That ingredient, at least as important as the talent package described by Conant, is passion for the work — what psychologists call intrinsic motivation. Without it, no amount of talent will yield great performance. For 35 years, we have been exploring how motivation affects creativity. In studies involving groups as diverse as children, college students, professional artists, and knowledge workers, we have found that people are more creative when they are more strongly intrinsically motivated — driven by interest, enjoyment, satisfaction, and a sense of personal challenge in the work they are doing.
Arthur Schawlow, a Nobel laureate in physics, said it eloquently: “The labor of love aspect is important. The successful scientists often are not the most talented, but the ones who are just impelled by curiosity. They’ve got to know what the answer is.”

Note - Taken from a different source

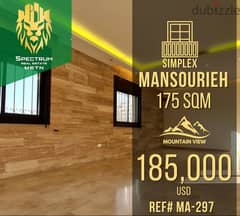 Mansourieh Prime (175Sq) Panoramic View , (MA-297)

Intrinsically motivated people are more creative because they engage more deeply with the work. Imagine a task you have to do — say, an important marketing problem you have to solve at work — as a maze you need to get through. Most business problems have multiple solutions that would work, multiple exits from that maze. Often, there is one clear, straight path out of the maze — the standard solution that everyone uses for this type of problem. If you’re extrinsically motivated, perhaps by a looming deadline or fear of a negative evaluation, you’re likely to take that safe path. The solution works, but it’s boring; it doesn’t move things forward. But if you’re intrinsically motivated, you love the hunt through the maze for a more interesting — and likely more creative — solution.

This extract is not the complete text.